_EXERCISE_
Transcribe exactly the line containing "Prestigious_String20 − You're" and every line after it, through the end of the records below.

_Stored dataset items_

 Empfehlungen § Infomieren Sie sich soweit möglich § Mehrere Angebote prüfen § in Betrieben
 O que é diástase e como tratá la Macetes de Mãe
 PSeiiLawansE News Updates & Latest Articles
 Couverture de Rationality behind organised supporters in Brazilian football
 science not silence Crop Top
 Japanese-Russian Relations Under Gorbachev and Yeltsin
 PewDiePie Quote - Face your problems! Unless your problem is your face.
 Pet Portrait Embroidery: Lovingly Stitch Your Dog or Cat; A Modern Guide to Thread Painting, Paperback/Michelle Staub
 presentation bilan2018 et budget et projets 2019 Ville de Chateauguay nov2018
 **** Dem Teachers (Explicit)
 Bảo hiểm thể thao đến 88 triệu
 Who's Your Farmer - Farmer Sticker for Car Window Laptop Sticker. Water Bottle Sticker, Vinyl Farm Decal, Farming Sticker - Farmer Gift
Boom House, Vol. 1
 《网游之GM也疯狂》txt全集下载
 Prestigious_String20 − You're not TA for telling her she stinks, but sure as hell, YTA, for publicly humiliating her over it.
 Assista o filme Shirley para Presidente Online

_RESPONSE_
 Prestigious_String20 − You're not TA for telling her she stinks, but sure as hell, YTA, for publicly humiliating her over it.
 Assista o filme Shirley para Presidente Online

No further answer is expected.